Certas histórias relacionadas com o padre Pio – escreve Ryska – tocam os limites da novela ou do romance policial. São histórias que, como disse alguém, envergonham no senso comum, mas ao mesmo tempo satisfazem as nossas ideias sobre a existência de um outro mundo. Temos um exemplo nesse relato da biógrafa Catarina Tangari, que foi a protagonista.
Um advogado livre-pensador alugava cabanas para veranistas nos montes avelinos. Tinha lá uma vila cercada de um magnífico jardim – tão deslumbrante que dava a impressão de ter saído direto das mãos de Deus. Mas essa impressão se desfazia ao ler junto ao portão de entrada, numa placa de cerâmica: “Nesta casa não se fala em religião”.

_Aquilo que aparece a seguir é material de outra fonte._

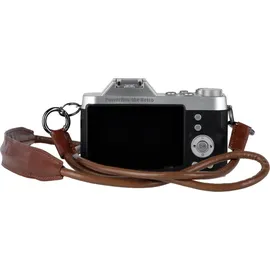 Rollei Powerflex 10x Retro I 64 MP Digitalkamera mit 4K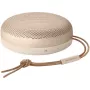BANG & OLUFSEN Beosound A1 2nd Gen Gold Φορητό ηχείο Bluetooth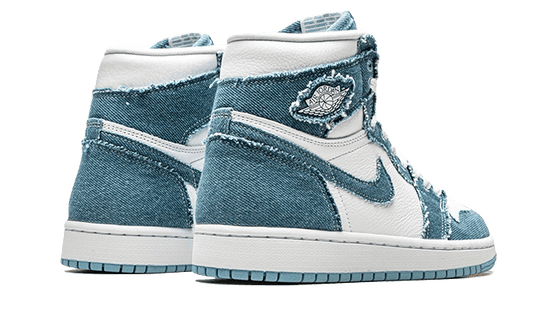 Air Jordan Air Jordan 1 High OG Denim - DM9036-104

Naquele dia o advogado saudou cortesmente o grupo que se dizia interessado por uma cabana. Ele, claro, não sabia que estavam ali chegando de San Giovanni Rotondo e se encontravam ainda sob a forte impressão do padre Pio. Catarina, fazendo de conta que não vira a placa, tentou direcionar a conversa para questões religiosas. E como ela também era apaixonada por flores, começou ali. O advogado, feliz por vê-la interessada com o assunto, abriu o coração:
– Estou velho, já não me resta muito tempo de vida. Mas tenho estas flores, que são minha única alegria… Quando penso que terei de me separar delas, fico meio desesperado – acrescentou comovido.

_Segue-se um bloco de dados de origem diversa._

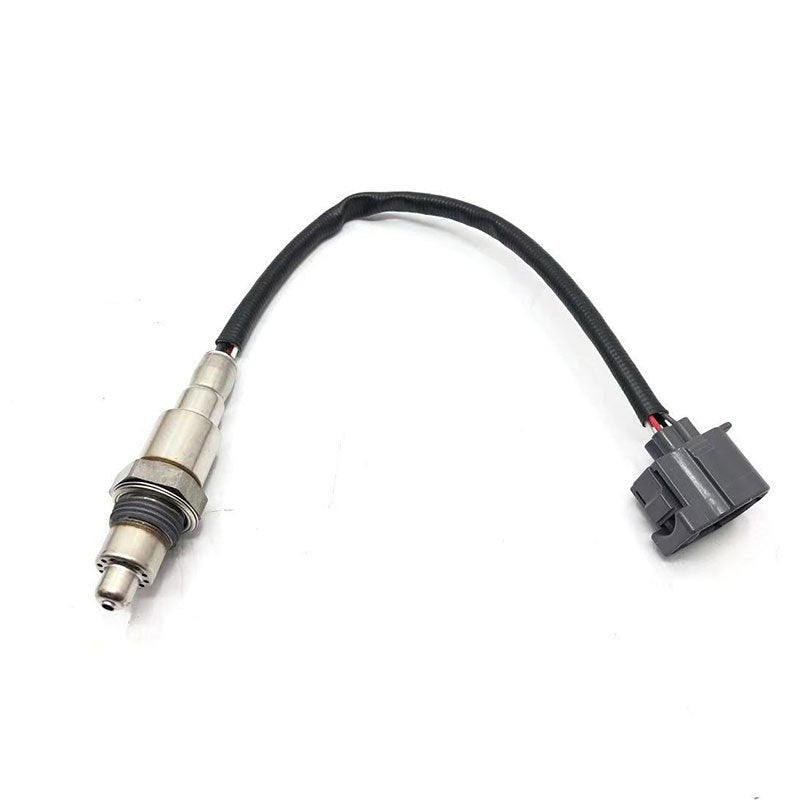 0258030007 0075426318 Oxygen Sensor for Mercedes-Benz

Em seguida, em tom de brincadeira:
– Por isso fiz um pacto com o diabo. Já que na vida procurei servi-lo da melhor forma, espero que, depois da morte, me permita visitar muitas vezes o meu jardim.
– Quer dizer que o senhor deseja ir para o inferno?
– É claro. Sabe, com o diabo, o sempre me dei bem.
A revelação era chocante, mas a interlocutora não se deixou abalar
– Creio que, mais do que com o diabo, o senhor se dá bem com suas flores, não é mesmo? – observou ela, o que comoveu ainda mais o velho livre-pensador.
No seu interior ela pensava: se alguém acredita no diabo, no inferno, na vida além-túmulo, deve estar próximo da fé em Deus, no céu, na alma imortal. Este homem pensa assim porque simplesmente não encontrou Cristo. E ali está a raiz de todo problema dele.
Seu pensamento voou para padre Pio. Ele costumava sair-se muito bem com casos desse tipo. Como, porém, motivar o advogado a visitar San Giovanni Rotondo? Interiormente rezava e pedia algum sinal. Decidiu então que se ele lhe oferecesse uma flor, iria a San Giovanni Rotondo só para colocá-la diante da imagem do Coração de Jesus. E pedir ao padre Pio uma intenção em suas orações por esse homem.
Para espanto e alegria de todos, o advogado, que não costumava dar suas flores a visitante algum, na despedida ofereceu-lhe um buquê de rosas.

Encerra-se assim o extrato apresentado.